Now that the baseball season is over and done, all of those annual awards are being voted upon and handed out (MVPs, Rookies of the Year, Gold Gloves, etc.). Found it kind of interesting to see that over in the American League, Seattle pitcher Felix Hernandez was awarded the Cy Young Award recognizing him as the league’s best pitcher.
What made the news interesting was the fact that Hernandez had a very modest-looking 13-12 record this year. In fact, his total of 13 wins was the fewest ever by a Cy Young award winner (in a non-strike-shortened year). Yet he earned 21 of the 28 first-place votes for the award -- pretty much a landslide.
Hernandez got the Cy Young not because of his win-loss record, but because he had a stellar earned run average (2.27), a whole bunch of strikeouts (232 in 249.2 innings), and limited his opponents to a low batting average (just .212).
Why didn’t he win more games? Well, his teammates didn’t do very much on the offensive side when he pitched, averaging just 3.06 runs a game for him when he started. According to the New York Times article from which I’ve gotten all of these other statistics, Hernandez had 12 starts in which he gave up two runs or less yet did not win.
The author of the article, Tyler Kepner, concludes that when it came to casting their ballots for the AL Cy Young, those charged with that task apparently took into account the fact that Hernandez didn’t get a lot of run support this year. “The voters did not penalize Hernandez for that bit of bad luck,” writes Kepner, and thus three-fourths of them decided to list him their top choice for the honor.
It does seem a little odd to have a Cy Young award winner with a barely .500 win-loss record and only 13 wins. But I understand the reasoning and am not really invested enough in the issue to object to the voters’ decision.
Even so, that line about not holding Hernandez’ “bad luck” against him got me thinking.
Baseball -- like poker -- is a game in which luck obviously does play a role, not just in terms of individual statistics (like with Hernandez and his win-loss record), but with regard to teams’ success, too. A ball hits a pebble and bounces over the shortstop’s head, a “lucky” break that allows the winning run to score. Or an umpire blows a call (which happens... a lot), which proves fortunate for one team, and bad “luck” for the other. And so forth.

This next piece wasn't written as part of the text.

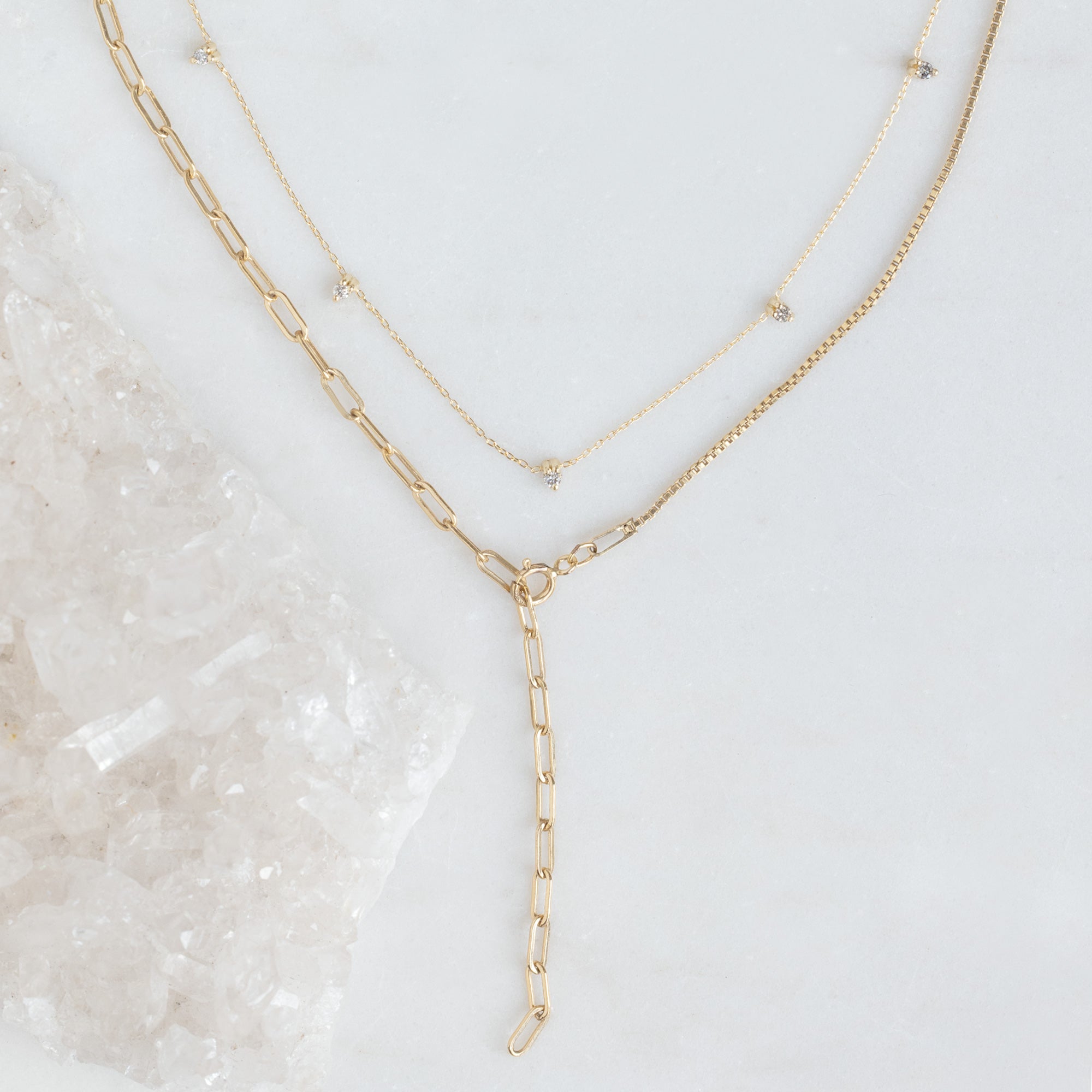 The Sunburst Chain Set in Yellow Gold on White Marble Surface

Thinking back to this year’s Poker Hall of Fame vote in which I had the privilege to participate, it goes without saying that Dan Harrington, Erik Seidel, and all of the other members of the PHOF most certainly experienced some good luck along the way. They had to, right?
Don’t get me wrong -- most of those in the Poker Hall of Fame are unquestioningly skillful poker players. (I’m leaving out Edmund Hoyle, who never played poker, and perhaps a couple of others.) But those skillful players also necessarily had to withstand the game’s element of chance, enjoying good luck and avoiding bad luck frequently enough to be winners and become recognized as belonging among poker’s greats.

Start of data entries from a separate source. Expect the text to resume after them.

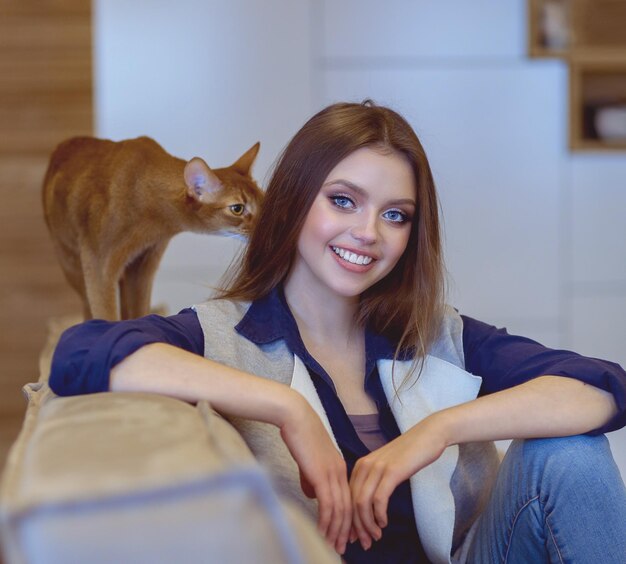 Photo woman sitting on her white sofa in white pullover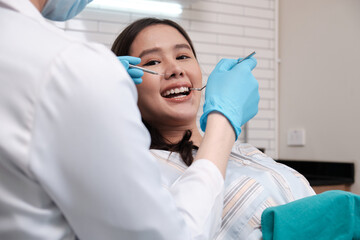 Wall Mural - Asian male dentist examines beautiful young female patient's teeth stomatology in dental clinic, well-being hygiene checks, and professional orthodontic healthcare work in doctor's office hospital.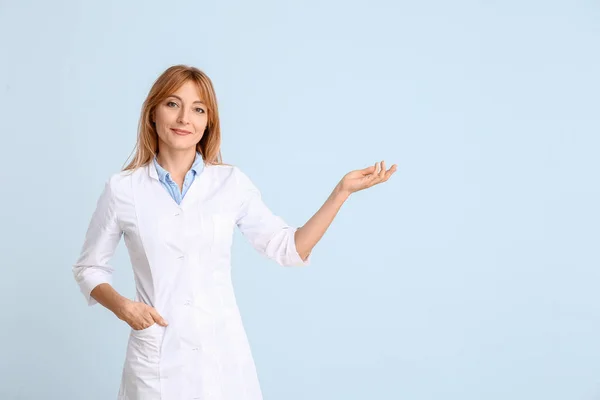 Portrait of female doctor showing something on color background — Stock Photo, Image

Thinking again about Hernandez winning the award, how absurd would it seem to single out a particularly unlucky poker player as deserving of recognition (e.g., entry into the Poker Hall of Fame), backing one’s argument with the assertion that he or she should not be “penalized” for “a bit of bad luck”?
Luck matters, right? Winning certainly matters. And winning -- in baseball, poker, and just about every other game -- requires luck. Didn’t all of those other Cy Young award winners, just like most all of those Poker Hall of Famers, enjoy some good luck? If we don’t want to penalize a player for experiencing bad luck, is it right to reward another for experiencing good luck?
Play well this weekend, all. And good luck!